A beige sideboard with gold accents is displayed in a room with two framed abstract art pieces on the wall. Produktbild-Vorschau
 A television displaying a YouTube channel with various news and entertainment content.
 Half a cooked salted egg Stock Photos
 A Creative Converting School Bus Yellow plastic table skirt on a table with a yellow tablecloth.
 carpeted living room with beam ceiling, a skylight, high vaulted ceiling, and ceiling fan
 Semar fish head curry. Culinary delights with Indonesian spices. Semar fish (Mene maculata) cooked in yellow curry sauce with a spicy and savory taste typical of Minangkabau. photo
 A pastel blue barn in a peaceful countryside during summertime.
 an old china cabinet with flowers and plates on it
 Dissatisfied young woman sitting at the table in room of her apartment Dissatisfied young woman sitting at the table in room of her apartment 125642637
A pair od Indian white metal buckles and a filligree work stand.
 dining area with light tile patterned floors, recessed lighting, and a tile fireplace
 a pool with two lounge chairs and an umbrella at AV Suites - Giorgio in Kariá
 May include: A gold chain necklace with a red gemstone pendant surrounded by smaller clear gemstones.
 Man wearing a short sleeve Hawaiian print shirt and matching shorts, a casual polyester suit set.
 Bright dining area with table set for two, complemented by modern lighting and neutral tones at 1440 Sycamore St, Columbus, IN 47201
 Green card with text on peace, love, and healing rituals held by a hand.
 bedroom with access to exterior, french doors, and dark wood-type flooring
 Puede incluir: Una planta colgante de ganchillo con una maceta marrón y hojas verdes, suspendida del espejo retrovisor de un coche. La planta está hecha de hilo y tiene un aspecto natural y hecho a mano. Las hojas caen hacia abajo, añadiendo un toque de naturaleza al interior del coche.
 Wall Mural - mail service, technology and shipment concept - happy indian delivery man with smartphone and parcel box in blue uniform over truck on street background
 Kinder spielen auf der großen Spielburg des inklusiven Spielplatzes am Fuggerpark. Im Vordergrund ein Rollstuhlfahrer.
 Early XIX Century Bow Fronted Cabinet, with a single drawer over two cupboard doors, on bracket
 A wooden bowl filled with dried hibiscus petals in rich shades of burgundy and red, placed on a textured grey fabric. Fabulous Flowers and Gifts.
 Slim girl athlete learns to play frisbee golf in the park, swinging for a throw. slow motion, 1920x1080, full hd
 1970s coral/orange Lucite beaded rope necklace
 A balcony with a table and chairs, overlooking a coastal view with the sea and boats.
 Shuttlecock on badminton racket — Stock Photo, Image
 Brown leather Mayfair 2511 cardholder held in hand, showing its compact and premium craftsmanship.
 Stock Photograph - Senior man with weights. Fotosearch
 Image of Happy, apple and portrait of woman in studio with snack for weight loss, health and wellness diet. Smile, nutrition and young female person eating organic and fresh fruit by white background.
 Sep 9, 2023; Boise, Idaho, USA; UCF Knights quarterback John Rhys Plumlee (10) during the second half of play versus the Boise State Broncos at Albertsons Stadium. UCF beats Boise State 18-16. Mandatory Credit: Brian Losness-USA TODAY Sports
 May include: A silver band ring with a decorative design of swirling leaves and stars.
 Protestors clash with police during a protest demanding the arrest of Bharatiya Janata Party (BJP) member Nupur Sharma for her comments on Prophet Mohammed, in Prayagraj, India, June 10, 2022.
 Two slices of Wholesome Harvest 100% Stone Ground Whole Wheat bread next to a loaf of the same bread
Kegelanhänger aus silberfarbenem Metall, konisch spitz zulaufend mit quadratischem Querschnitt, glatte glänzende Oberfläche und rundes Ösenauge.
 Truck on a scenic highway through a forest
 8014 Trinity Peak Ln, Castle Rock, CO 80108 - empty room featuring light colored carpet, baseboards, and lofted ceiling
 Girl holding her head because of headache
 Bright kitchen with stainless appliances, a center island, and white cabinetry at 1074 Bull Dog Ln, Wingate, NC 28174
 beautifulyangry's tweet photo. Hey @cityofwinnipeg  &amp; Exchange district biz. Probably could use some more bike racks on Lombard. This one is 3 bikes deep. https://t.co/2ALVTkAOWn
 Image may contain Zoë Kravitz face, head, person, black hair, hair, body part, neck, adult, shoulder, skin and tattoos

▸ ABOUT THIS TASK
Beginning with the first line of the records above, reproduce each line exactly, ending at the line that contains "A Creative Converting", and leave out everything else.

▸ ANSWER SECTION
A beige sideboard with gold accents is displayed in a room with two framed abstract art pieces on the wall. Produktbild-Vorschau
 A television displaying a YouTube channel with various news and entertainment content.
 Half a cooked salted egg Stock Photos
 A Creative Converting School Bus Yellow plastic table skirt on a table with a yellow tablecloth.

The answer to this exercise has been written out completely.